Comic Review: the Vision #10

When I first started this series I'd put the newest issue on the top of my weekly pulls, each page nourishing my fandom with its depth and characters. Yet with each passing issue, the depth of the story grows ever more, the emotions keep escalating, and characters I have come to treasure have their lives ripped apart like a toddler with a newspaper. Now, I save this book for last, because it is so damn powerful that its story resonates with me, echoing over every other book I've read. 

Today, however, I read it first. 

The story picks up with the aftermath of Vin's decommission/death/synthezoid finality, as the Vision family struggles to come to grips with what the **** just happened. We see Virginia continue to float through existence as her life falls apart around her. We see Viv, portrayed by superstar Gabriel Walta with wide-eyed youthfulness, trying to come to terms with the losses that hit so close to her synthetic heart, trying to find a sense of peace despite logic telling her otherwise. And we see Vision himself, the Hero who has saved the world 37 times, desperately trying to make sense of what has come to pass. 

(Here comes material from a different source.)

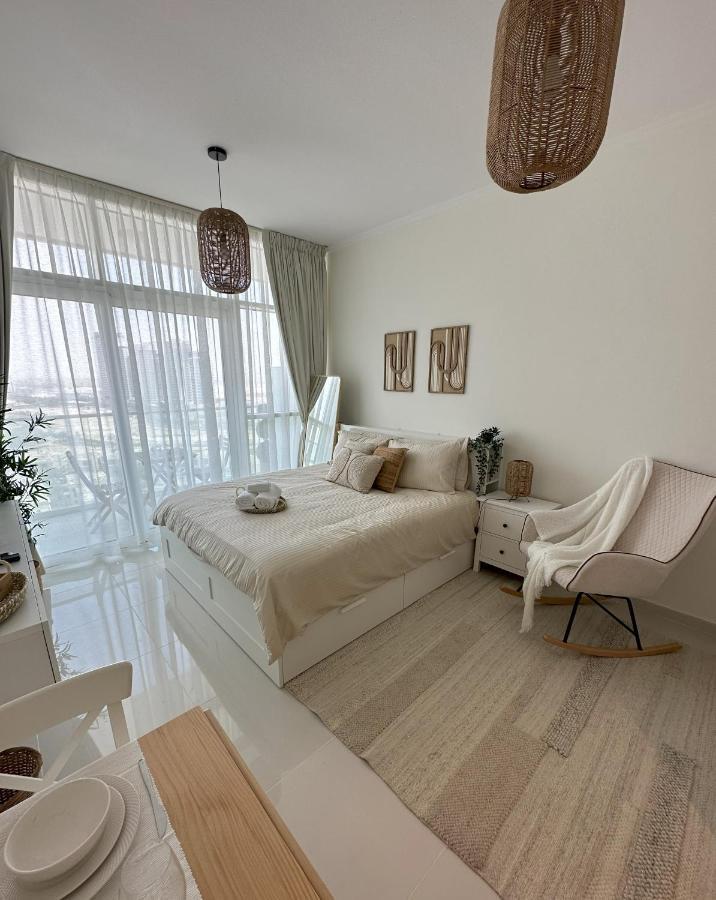 Tranquil Studio In Damac Hills Dubai Exteriör bild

It nearly gets tiresome talking about Walta and Bellaire's seamless work together, where Walta crafts subtle actions so delicately and with such care. The mere change of an angle on someone's head, or a few more lines to indicate a shift in interior emotions, show how artists like him or David Aja or Chris Samnee are able to manipulate a panel without going overboard. And Bellaire's colors stoke the fire of any scene, guiding the reader's emotions like a cinematic orchestra.  

Even more compelling is the dialogue written by Tom King. The repeated words of the Visions show how they are on the verge of breaking, unable to process the power of human lives spiraling out of control. Viv explaining her logical understandings of prayer to her father is heart-breaking - despite all that has happened in the Marvel Universe, both Viv and Vision are still uncertain as to the presence of God, and yet they both so desperately want to believe that He is in heaven with Vin... The pacing alone of that scene shows how powerful this medium can be. 

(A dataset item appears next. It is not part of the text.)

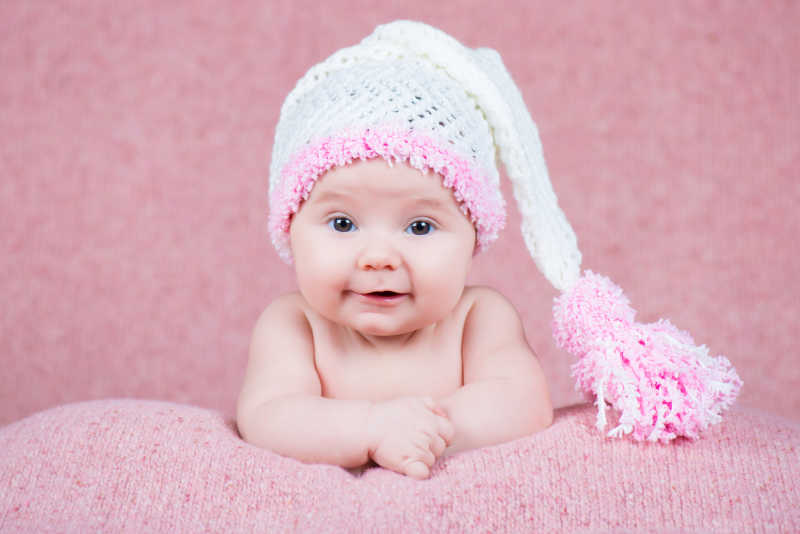 戴着粉色帽子的婴儿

Ten issues in and there's not a question that this is Marvel's best book - nothing else has the emotional gravity, nor the density of story or characters, that this book has. Each issue sets up the next in a way that elicits as much dread as excitement, which is the most anyone can ask of a series; after that gut punch to the soul that issue 9 ended with, I had to read 10 first just because I have to know. 

Sometimes when I'm reading a comic my brain will provide some kind of background music. It's weird, I know, but having a soundtrack to a story helps my mind plot an emotional course, and helps it to further invest in the story. As we know, films use a score to direct the viewer's emotion and drive the story forward, and only the truly most remarkable films let the actors, scenes, and conflict move the story forwards without music to move it along. 

As for the Vision, there's nothing but the words and stone silence. 

10 out of 10 Synthezoids on a Mission.